Do your 2021 marketing plans include automatic, strategic outreach that seamlessly creates opportunities for your sales and support teams? If you are not using a marketing automation tool, you are certainly missing out on the full potential your marketing plan could have. And if you are, here are some different strategies to add to your 2021 marketing plan.
1. Take time to understand the sales process
Before investing in an automation platform, there is a lot to think about. Is it going to be worth the price of admission? Who is going to work on this? How much work is involved to achieve your automation dreams? Most importantly, how can this tool support your sales team?
Sending a series of emails to a specific list is great – but it is not using the marketing automation tool to its full potential. The first step to mastering your automation platform, even before purchasing it, is a full understanding of your sales process, team, and their approach to creating a successful strategy. You’ll need to fully understand how long the sales process takes in each phase and how many phases there are and how you can support it as much as you can.
Take a moment and break down each and every aspect of your sales process.

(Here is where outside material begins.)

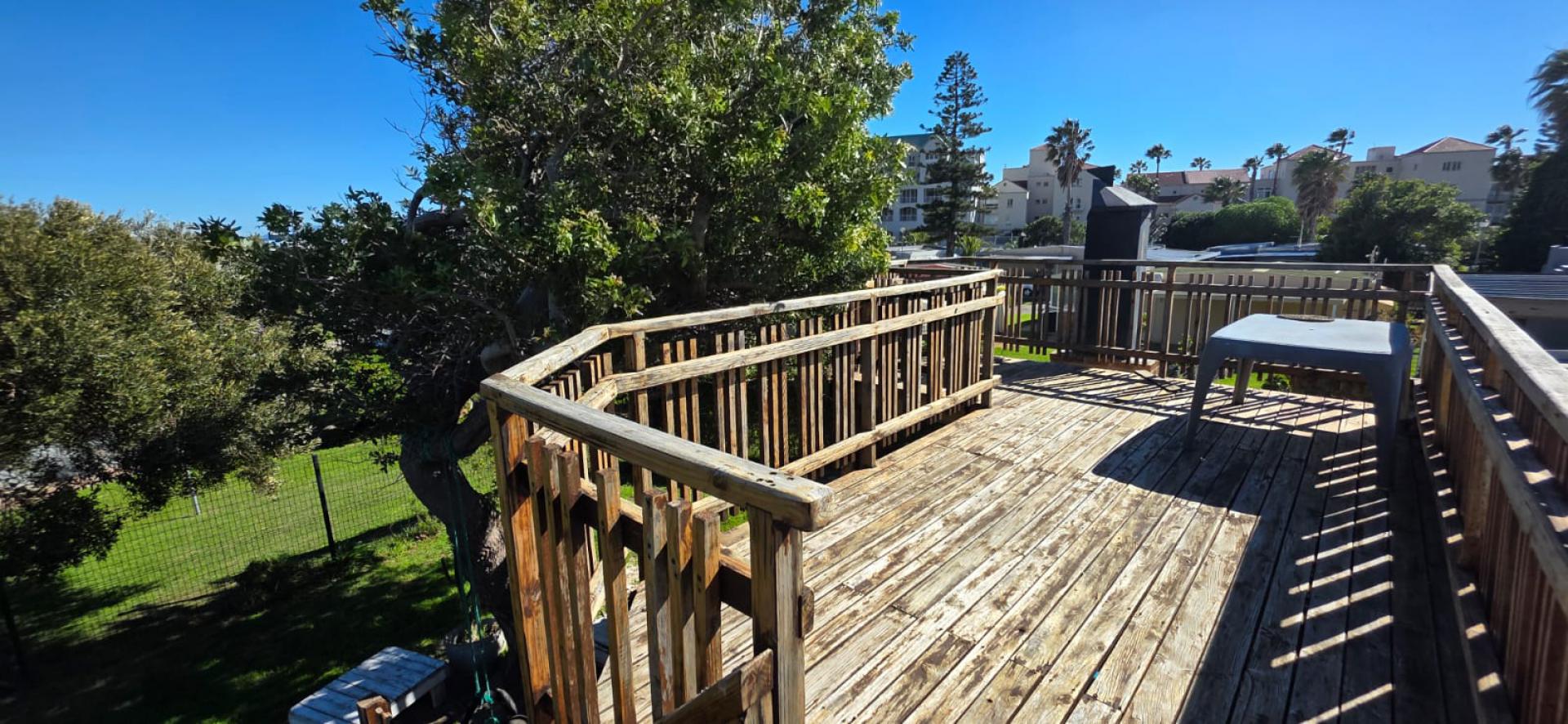 of property in Gordons Bay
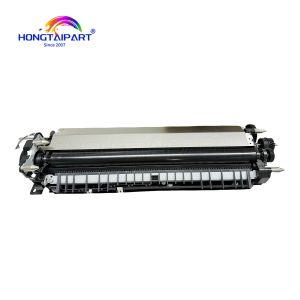 2ND BTR Transfer Roller Unit Assembly 059K82253 604K85771 059K68397 059K68396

Evaluate each step so you can support the sales team with automated tasks, emails, or any other forms of communication. Don’t be afraid to speak to your sales people; they like making more money while doing less just like anyone.
2. Create customer retention post-sale
The base level of marketing automation is to create additional workflows to help your contacts move from marketing qualified leads (MQLs) to sales qualified leads (SQLs), all while supporting the sales team to close deals. But there is even more opportunity after the sale. Someone once said, “a customer isn’t a customer ‘till they had the chance to leave and didn’t.” I think that’s how it went… Creating a post-sale campaign can do wonders for your company to retain current customers and also help your services team. It can even get you content to help your marketing efforts in the future.

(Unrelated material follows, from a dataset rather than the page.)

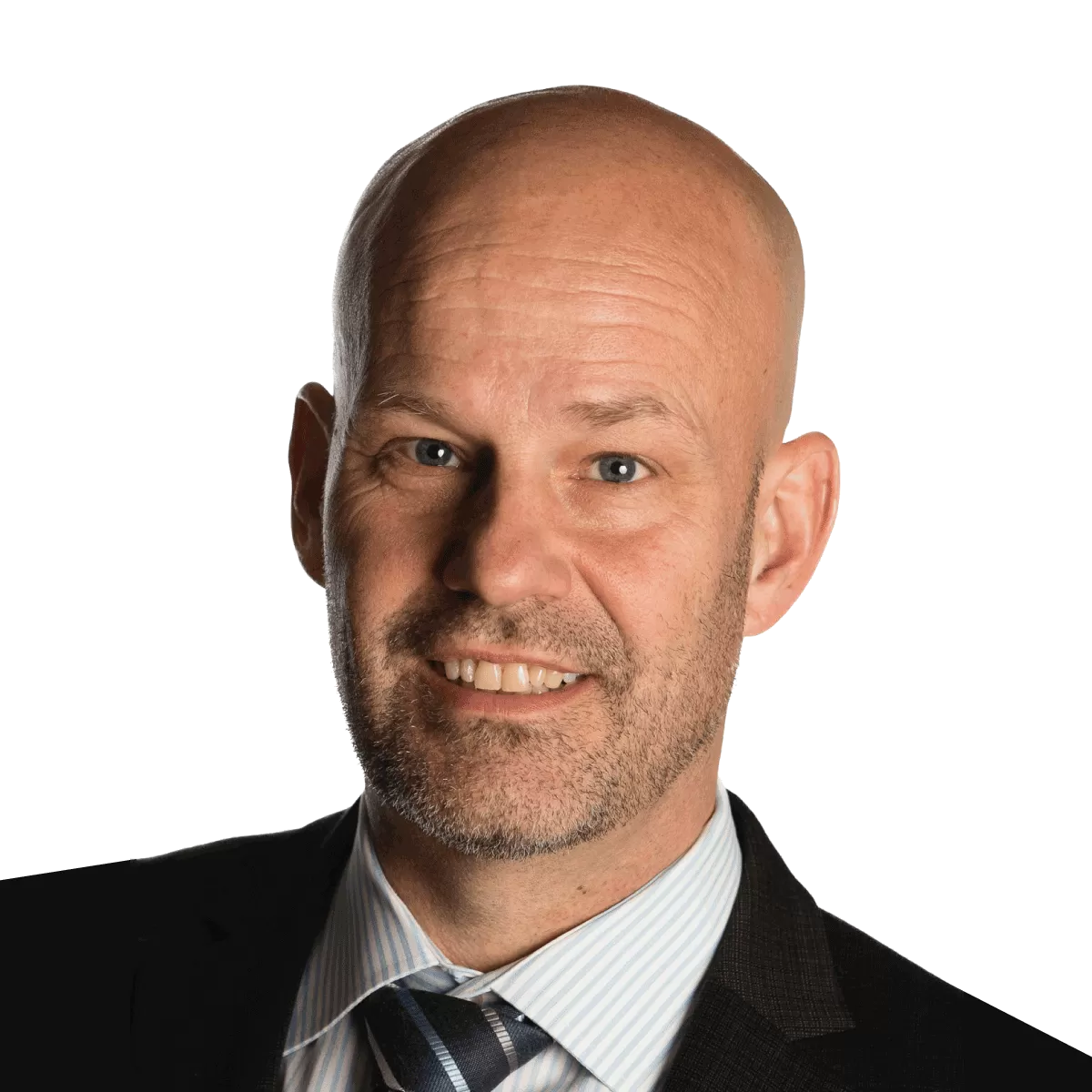 KNVB SportBusiness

I’ve seen service teams on busy days and it is not a pretty sight. A lot of stress and frustration. Let’s say your team sold a piece of software on a 3-year service plan that takes a few months of training and setup. After those training months, what kind of ways can you continue being helpful for your new customers? How can you bring more value to the relationship?
There has been great success with workflows highlighting little known items that are helpful in the tool, tips and tricks, best practices, product updates/advances, and customer success stories just to name a few. Set the workflow up in a specific order and revisit these every few months for an update. These can even sprout upselling or cross-selling opportunities for your sales team (don’t forget to buy your service team lunch if they assist!) With the help of a services workflow, customers feel like a part of the family and (some) will gladly help out with reviews, case studies, surveys, or even speak at a conference for you. All you have to do is ask.
3. Communicate with your audience on their level
Communicate properly and be on the same level as your target audience. When starting your new life with marketing automation, the planning involved with how to speak with your audience is imperative. This means, relaxing a bit on those aggressive CTAs. Let’s be helpful and solution-based, subtly pushing to a CTA, without a heavy dosage of sales pressure.
Being solutions driven requires knowing the best way to communicate with each and every persona in your target market. There is a problem with sending the same messaging to your whole contact list and expecting positive results. Classifying content you are delivering gives your message more meaning to the right audience. Before sending an email, understand who is on your list, if they would find your message useful, and if it will bring them one step closer to committing to your product or service.
4. Don’t forget about what could have been with lost opportunities
When old contacts slip through the grasp of the marketing automation machine, there is a gold mine of opportunity to dig up. If you properly plan ahead, your sales team should be noting why some of your leads have turned into duds. Turn those reasons into Miracle Grow(r) and you have yourself a blossoming handful of automated workflows trying to get those lost opportunities back without even thinking about it. You can strategize messaging based on the main reason they did not commit while timing the communication properly.
Step outside your box and dive into automation
A marketing plan can be so restrictive when it comes to an entirely manual process. If you are still comfortable with a completely manual process and find comfort in it, stick with it. Just know that there is ample opportunity to step out of those boundaries and to create automated opportunities much like your competition is. Marketing automation is not just about passing leads to our sales team but also providing value any way we can through strategy and logic.